Tuttavia scopro “anche”, o dovrei dire “invece”, che gli artisti della Pixar sono stati incaricati di dare consigli e pareri sul film; nonché di stendere nuove pagine di sceneggiatura. A dare ulteriori ragguagli sulla produzione anche David Fincher.

Eppure quello che doveva essere pregio, qui mi appare irrimediabilmente come difetto. Quello che in Tron era gioco e divertimento, puro elemento avventuroso, che metafora ci diveniva soltanto ad una seconda lettura… tutto qui si perde nell’eccessivo tentativo di “sceneggiare”. Sovrabbondanti citazioni, trama moderna aggiornata sulla fantascienza recente più popolare. Nelle rare scene di gioco le luci e le suggestioni visive vengono tuttavia portate ad un livello più alto, più spettacolare, in quei momenti il film diverte, è il Tron che volevo.

Allora mi pongo una domanda sulle mie aspettative. A quanto pare non condivido l’idea di aggiornare Tron. Se è vero che era precursore di un idea di gioco-sopravvivenza, gioco-alter della realtà, metafora senza troppo metaforare, (mi si perdonino le solite parole inesistenti). Insomma se aggiornarlo significa rivederlo alla luce di Matrix, o di Star Wars. Temo che siamo troppo lontani.

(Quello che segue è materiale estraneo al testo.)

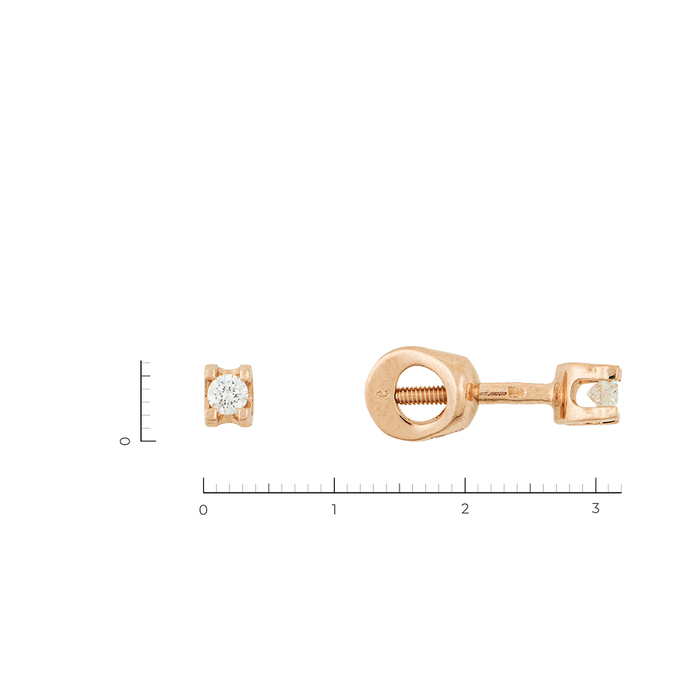 Серьга золото, 585, 1 к.,0,88 гр. (чистый вес 0,8 гр.) со следами износа; Бриллиант Кр57 5/5 вес 0,01 ct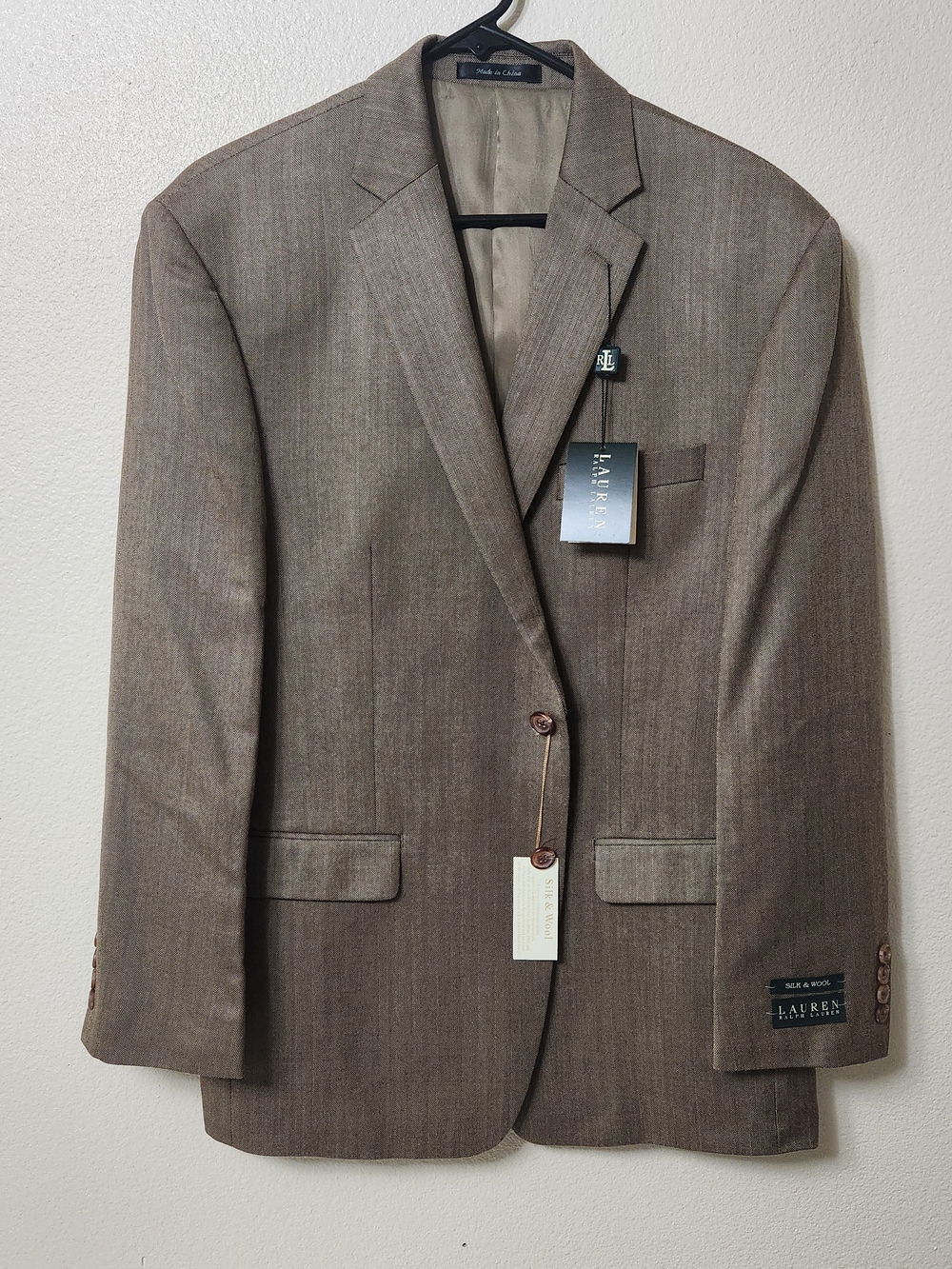 NEW $400 Lauren Ralph Lauren Brown 44R Herringbone Blazer Sport Coat Wool Silk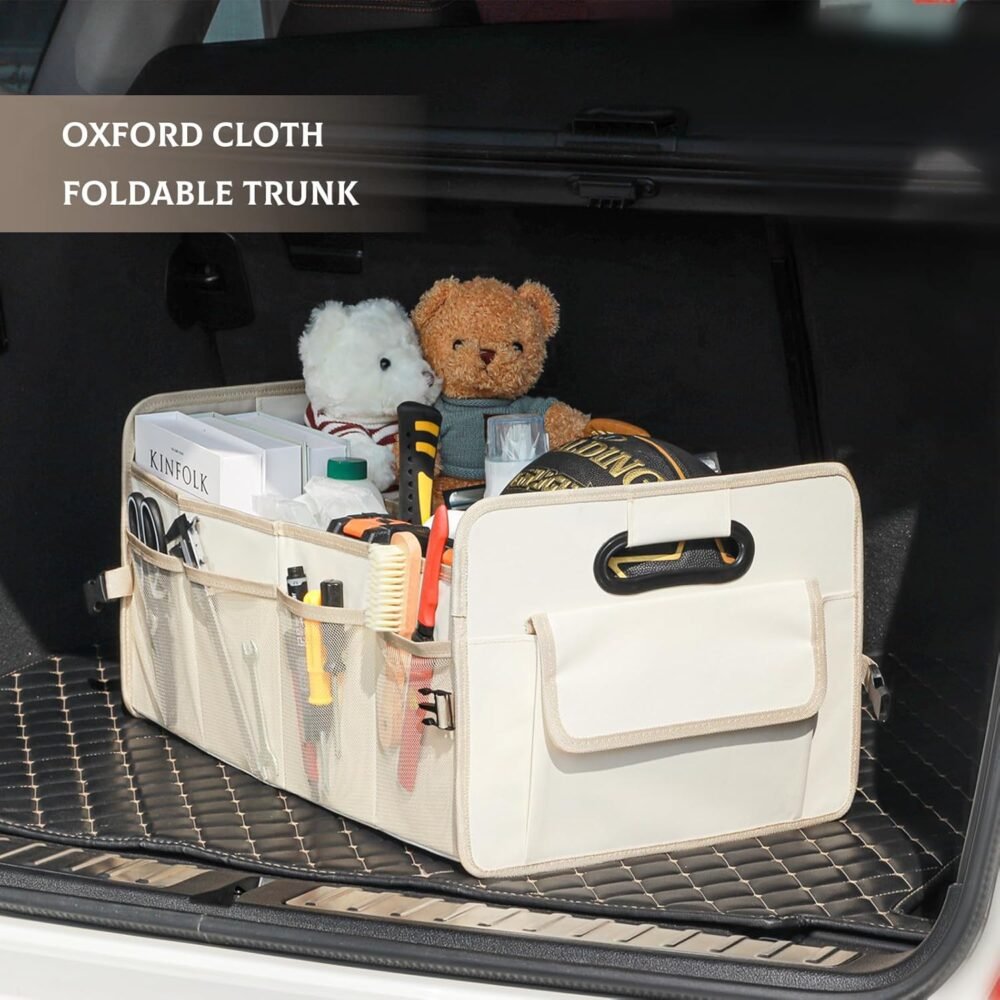 Car Trunk Organizer, Car Organizers and Storage Collapsible Multi Compartment Container Box, Adjustable Car Accessories for SUV Sedan Truck, Standard Size, Beige - Image 2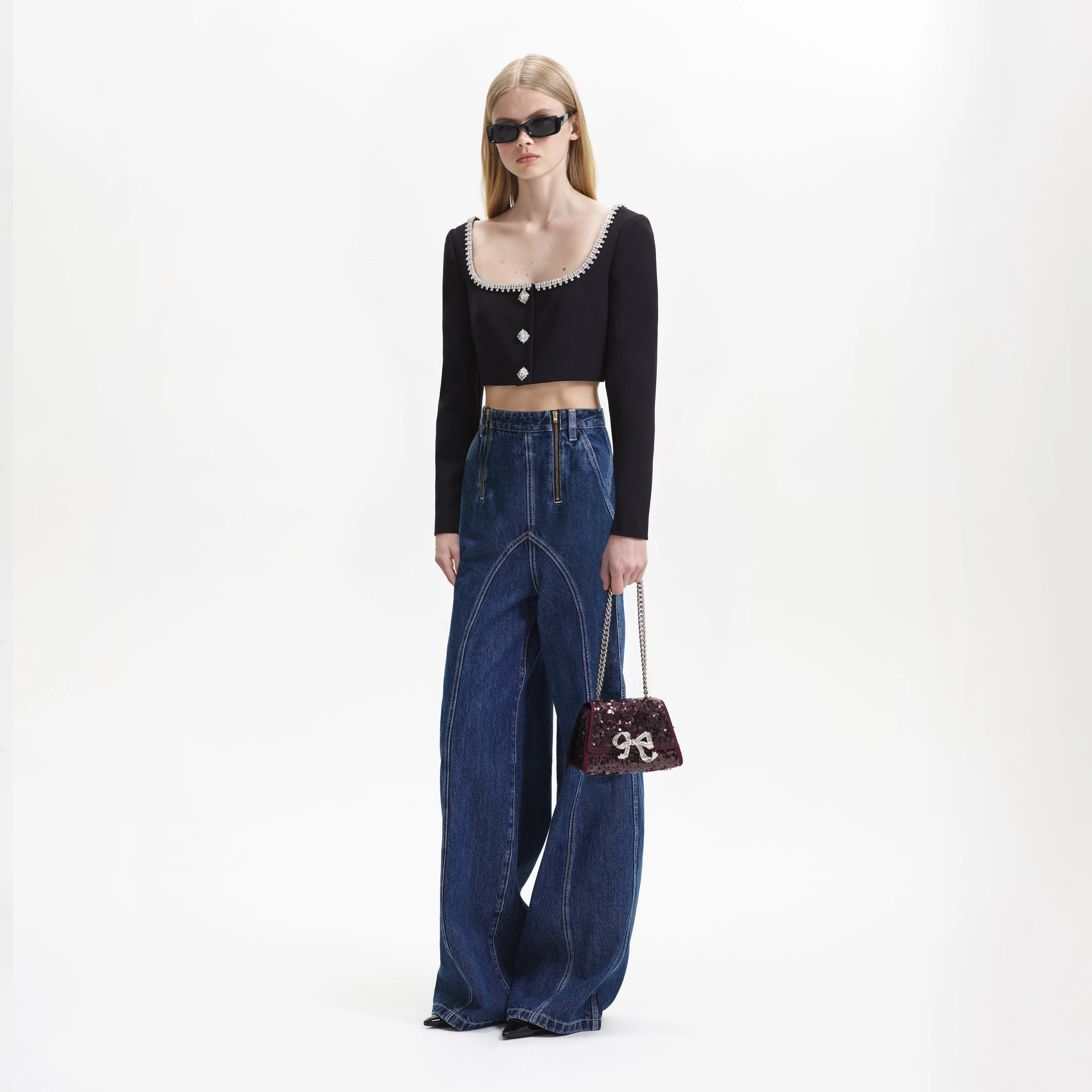 Blue Wide Leg Stitch Detail Jeans - Image 2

Mi inoltre chiedo se qualche volta non sia meglio mostrare o suggerire che non “dire”. Mi soffermo su “dire”. Dire il già detto costringe a usare il già usato. Usare la citazione come alibi, procedendo più o meno esplicitamente verso il post moderno è un operazione precisa e connotata. Per farla breve non è un alibi, è un genere. E il primo Tron apparteneva ad un altro genere. Attualizzare Tron andava fatto a partire da Tron. Lo stesso direi di molte cose della vita reale.